#### YOUR GOAL:
I'd like an exact copy of every line from the start of the entries below through the line containing "Grey Timberland Quilted", please.

Records from a collection:
┌──

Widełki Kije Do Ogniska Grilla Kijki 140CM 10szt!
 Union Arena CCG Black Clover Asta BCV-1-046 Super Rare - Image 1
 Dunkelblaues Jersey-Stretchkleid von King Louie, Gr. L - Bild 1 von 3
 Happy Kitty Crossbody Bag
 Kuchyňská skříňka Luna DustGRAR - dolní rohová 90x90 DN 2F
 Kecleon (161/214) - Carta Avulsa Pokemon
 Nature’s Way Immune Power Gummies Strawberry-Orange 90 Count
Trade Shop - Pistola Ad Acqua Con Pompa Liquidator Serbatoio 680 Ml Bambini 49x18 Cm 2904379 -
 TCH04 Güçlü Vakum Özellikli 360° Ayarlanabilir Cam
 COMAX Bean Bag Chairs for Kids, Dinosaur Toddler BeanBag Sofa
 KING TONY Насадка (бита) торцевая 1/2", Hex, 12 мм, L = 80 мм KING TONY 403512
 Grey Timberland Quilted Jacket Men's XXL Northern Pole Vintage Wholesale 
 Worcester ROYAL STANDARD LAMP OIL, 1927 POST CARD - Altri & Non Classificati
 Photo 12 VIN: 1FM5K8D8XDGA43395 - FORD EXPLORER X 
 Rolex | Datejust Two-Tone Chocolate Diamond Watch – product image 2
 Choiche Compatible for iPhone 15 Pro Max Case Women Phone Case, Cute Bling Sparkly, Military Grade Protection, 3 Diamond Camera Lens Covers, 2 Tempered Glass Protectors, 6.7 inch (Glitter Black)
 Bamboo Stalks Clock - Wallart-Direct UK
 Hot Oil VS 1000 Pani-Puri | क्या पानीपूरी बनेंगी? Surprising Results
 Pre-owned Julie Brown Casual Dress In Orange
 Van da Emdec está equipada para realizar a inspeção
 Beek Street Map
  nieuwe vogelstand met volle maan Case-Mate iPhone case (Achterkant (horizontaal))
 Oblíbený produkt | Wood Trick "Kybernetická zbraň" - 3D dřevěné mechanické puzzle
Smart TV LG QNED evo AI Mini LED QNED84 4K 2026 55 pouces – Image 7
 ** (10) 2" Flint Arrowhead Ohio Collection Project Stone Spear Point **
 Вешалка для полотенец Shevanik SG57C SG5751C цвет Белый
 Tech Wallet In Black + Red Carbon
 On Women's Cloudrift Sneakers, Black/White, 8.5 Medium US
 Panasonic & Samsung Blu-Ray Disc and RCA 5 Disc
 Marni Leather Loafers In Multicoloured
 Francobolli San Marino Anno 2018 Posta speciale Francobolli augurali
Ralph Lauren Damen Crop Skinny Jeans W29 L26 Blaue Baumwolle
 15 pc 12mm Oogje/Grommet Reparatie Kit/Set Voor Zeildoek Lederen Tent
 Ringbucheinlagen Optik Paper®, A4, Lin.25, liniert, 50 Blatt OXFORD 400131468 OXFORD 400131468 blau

└──

#### ANSWER AREA:
Widełki Kije Do Ogniska Grilla Kijki 140CM 10szt!
 Union Arena CCG Black Clover Asta BCV-1-046 Super Rare - Image 1
 Dunkelblaues Jersey-Stretchkleid von King Louie, Gr. L - Bild 1 von 3
 Happy Kitty Crossbody Bag
 Kuchyňská skříňka Luna DustGRAR - dolní rohová 90x90 DN 2F
 Kecleon (161/214) - Carta Avulsa Pokemon
 Nature’s Way Immune Power Gummies Strawberry-Orange 90 Count
Trade Shop - Pistola Ad Acqua Con Pompa Liquidator Serbatoio 680 Ml Bambini 49x18 Cm 2904379 -
 TCH04 Güçlü Vakum Özellikli 360° Ayarlanabilir Cam
 COMAX Bean Bag Chairs for Kids, Dinosaur Toddler BeanBag Sofa
 KING TONY Насадка (бита) торцевая 1/2", Hex, 12 мм, L = 80 мм KING TONY 403512
 Grey Timberland Quilted Jacket Men's XXL Northern Pole Vintage Wholesale 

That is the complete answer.